Parce que je crois profondément qu’ils vont nous aider à approfondir ce à quoi notre Eglise est appelée.
Au moment de l’indépendance de l’Algérie en 1962, l’Eglise d’Algérie connu un profond bouleversement, une période de dénuement complet. Suite à l’exode tragique des pieds-noirs (C’est ainsi qu’on désigne les Français originaires d’Algérie) pratiquement tous les fidèles sont partis en France. L’intuition du l’archevêque d’Alger Mgr Duval était que l’Eglise devait rester en Algérie et qu’elle devait devenir une Eglise pour les Algériens. Beaucoup des congrégations qui étaient présentes en Algérie se sont vues privées de leur œuvre d’éducation, de santé, et ont donc dû réinventer une manière d’être présent dans la population algérienne.
Toujours au cours de notre retraite, les bienheureux martyrs d’Algérie vont nous aider et nous encourager à prier en nous partageant ce qu’est pour eux la prière et comment ils prient. Ils vont également nous partager leur grand amour de l’Eucharistie et nous éveiller à ce à quoi l’eucharistie nous engage nous aidant ainsi à faire le lien entre l’eucharistie et notre vie de tous les jours. Grâce aux bienheureux martyrs d’Algérie, nous approfondirons également ce que saint Paul appelle le langage de la Croix. Enfin, nous apprendrons également des bienheureux martyrs d’Algérie comment accueillir le don que Jésus nous fait de Marie pour qu’elle soit aussi notre mère.
Cela dit, vivre notre retraite en communion avec les bienheureux martyrs d’Algérie, ce n’est pas seulement parler d’eux et nous inspirer d’eux, même si c’est déjà très bien, mais c’est aussi nous adresser à eux, comme je vous parle en ce moment, dans la foi qu’ils sont vivants auprès de Dieu et que parce qu’ils sont vivants nous pouvons leur demander de prier pour nous afin qu’ils nous aident à faire Eglise, à prier, à redécouvrir l’eucharistie, à parler le langage de la croix et à accueillir Marie chez nous.
Notre retraite ayant pour titre « Il n’y a pas de plus grand amour que de donner sa vie pour ceux qu’on aime », nous allons approfondir ce que signifie concrètement « donner sa vie » à la lumière de la manière dont les bienheureux martyrs d’Algérie ont donné leurs vies.
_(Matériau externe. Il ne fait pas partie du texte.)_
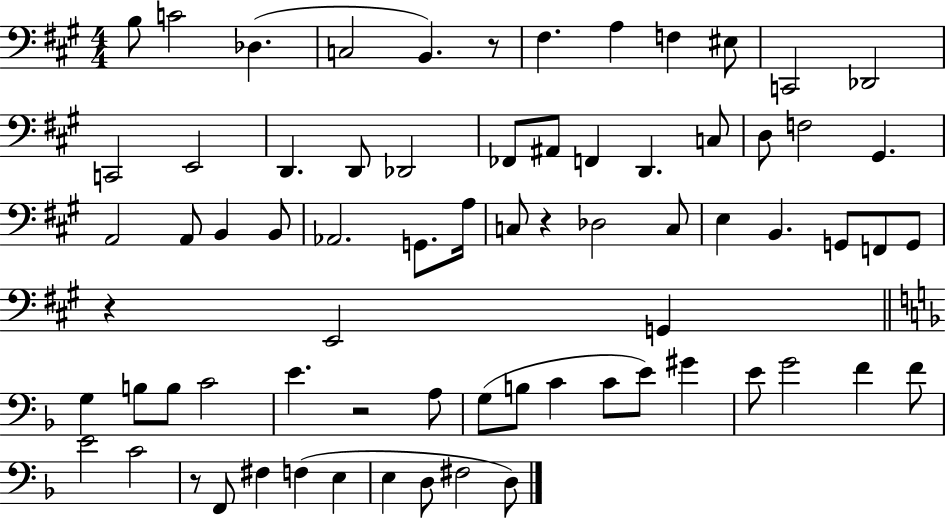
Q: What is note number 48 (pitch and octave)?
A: G3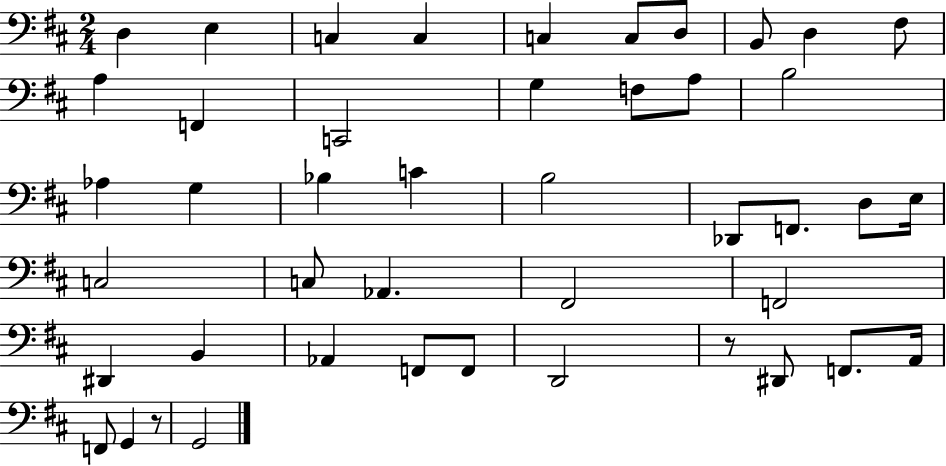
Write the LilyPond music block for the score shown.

{
  \clef bass
  \numericTimeSignature
  \time 2/4
  \key d \major
  \repeat volta 2 { d4 e4 | c4 c4 | c4 c8 d8 | b,8 d4 fis8 | \break a4 f,4 | c,2 | g4 f8 a8 | b2 | \break aes4 g4 | bes4 c'4 | b2 | des,8 f,8. d8 e16 | \break c2 | c8 aes,4. | fis,2 | f,2 | \break dis,4 b,4 | aes,4 f,8 f,8 | d,2 | r8 dis,8 f,8. a,16 | \break f,8 g,4 r8 | g,2 | } \bar "|."
}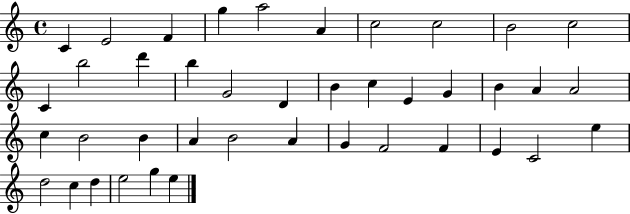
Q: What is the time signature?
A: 4/4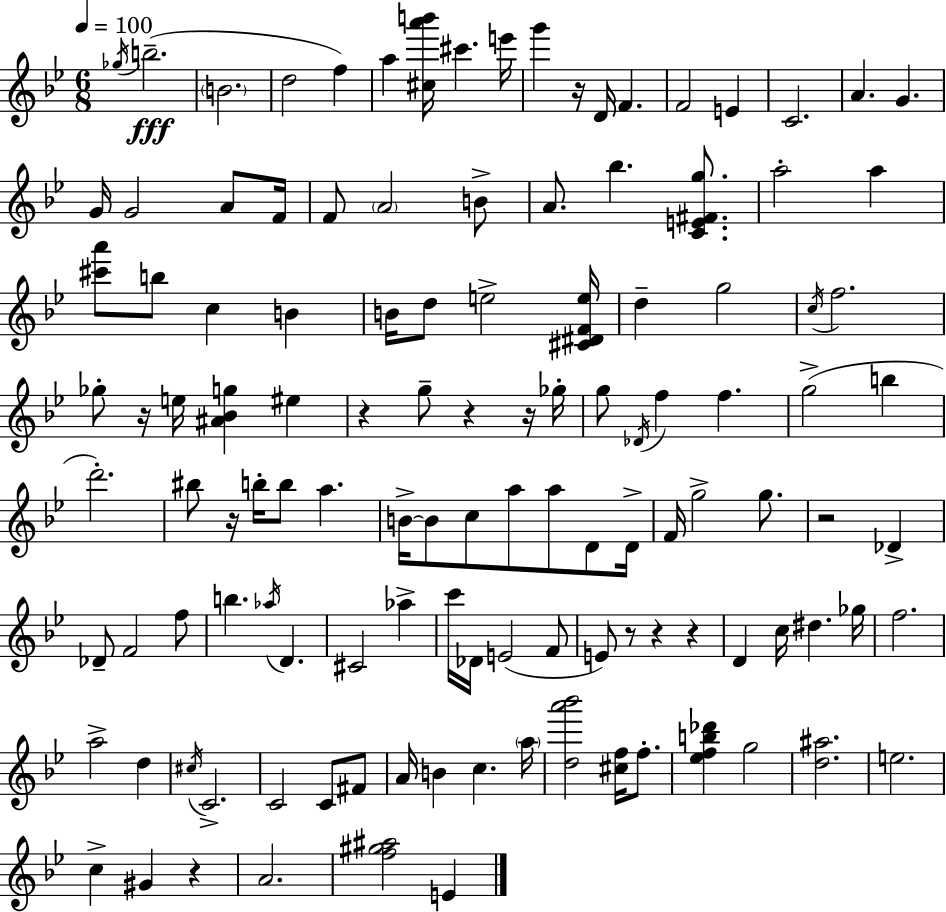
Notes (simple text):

Gb5/s B5/h. B4/h. D5/h F5/q A5/q [C#5,A6,B6]/s C#6/q. E6/s G6/q R/s D4/s F4/q. F4/h E4/q C4/h. A4/q. G4/q. G4/s G4/h A4/e F4/s F4/e A4/h B4/e A4/e. Bb5/q. [C4,E4,F#4,G5]/e. A5/h A5/q [C#6,A6]/e B5/e C5/q B4/q B4/s D5/e E5/h [C#4,D#4,F4,E5]/s D5/q G5/h C5/s F5/h. Gb5/e R/s E5/s [A#4,Bb4,G5]/q EIS5/q R/q G5/e R/q R/s Gb5/s G5/e Db4/s F5/q F5/q. G5/h B5/q D6/h. BIS5/e R/s B5/s B5/e A5/q. B4/s B4/e C5/e A5/e A5/e D4/e D4/s F4/s G5/h G5/e. R/h Db4/q Db4/e F4/h F5/e B5/q. Ab5/s D4/q. C#4/h Ab5/q C6/s Db4/s E4/h F4/e E4/e R/e R/q R/q D4/q C5/s D#5/q. Gb5/s F5/h. A5/h D5/q C#5/s C4/h. C4/h C4/e F#4/e A4/s B4/q C5/q. A5/s [D5,A6,Bb6]/h [C#5,F5]/s F5/e. [Eb5,F5,B5,Db6]/q G5/h [D5,A#5]/h. E5/h. C5/q G#4/q R/q A4/h. [F5,G#5,A#5]/h E4/q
Mais pour pouvoir donner, il faut d’abord recevoir. Voilà pourquoi nous commençons notre retraite avec un évangile qui évoque l’importance de recevoir avant de donner.
Lecture de Jn 13, 1-20
Cet évangile nous enseigne que seul celui qui se laisse laver les pieds, peut à son tour, laver les pieds des autres ou plus exactement peut entrer dans la réciprocité de l’amour. Il apprend constamment du Christ cette manière d’aimer. Laver les pieds est un geste que l’on reçoit d’autres et que l’on peut faire à son tour. Il faut l’avoir reçu pour pouvoir entrer dans le don. « Si je ne te lave pas les pieds, tu ne peux avoir part avec moi ! »
Même Jésus l’a reçu ! Rappelons-nous qu’au moment d’entrer dans sa passion, à Béthanie, Jésus reçoit ce geste d’une femme. L’évangile de Jean au chapitre 12, 1-11 nous rapporte en effet que lors d’un repas à Béthanie et où était présent Lazare que Jésus avait ressuscité d’entre les morts, Marie, prenant une livre d’un parfum de nard pur, de grand prix, oignit les pieds de Jésus et les essuya avec ses cheveux ; et la maison s’emplit de la senteur du parfum. Jésus ne se dérobe pas à l’amour. Ce geste reçu ouvre la passion et le don de sa vie. Jésus reprend en compte ce geste au cours du dernier repas. Il laisse ce geste en testament à ses apôtres. C’est ainsi que l’eucharistie nous rappelle que seul l’amour reçu donne naissance au véritable don de soi.
Les bienheureux martyrs d’Algérie, avec qui nous allons vivre cette retraite, ont tous reçu la vie pour pouvoir la donner. C’est cette vie reçue qui a rendu possible leurs vies données.
Pour ne donner qu’un exemple, il faut savoir que ce qui a conduit un des 19 bienheureux, Christian de Chergé, à donner sa vie pour Dieu et pour l’Algérie, c’est le don d’une vie qui lui a été offerte et qui l’a protégée de la mort : celle de Mohamed, un musulman.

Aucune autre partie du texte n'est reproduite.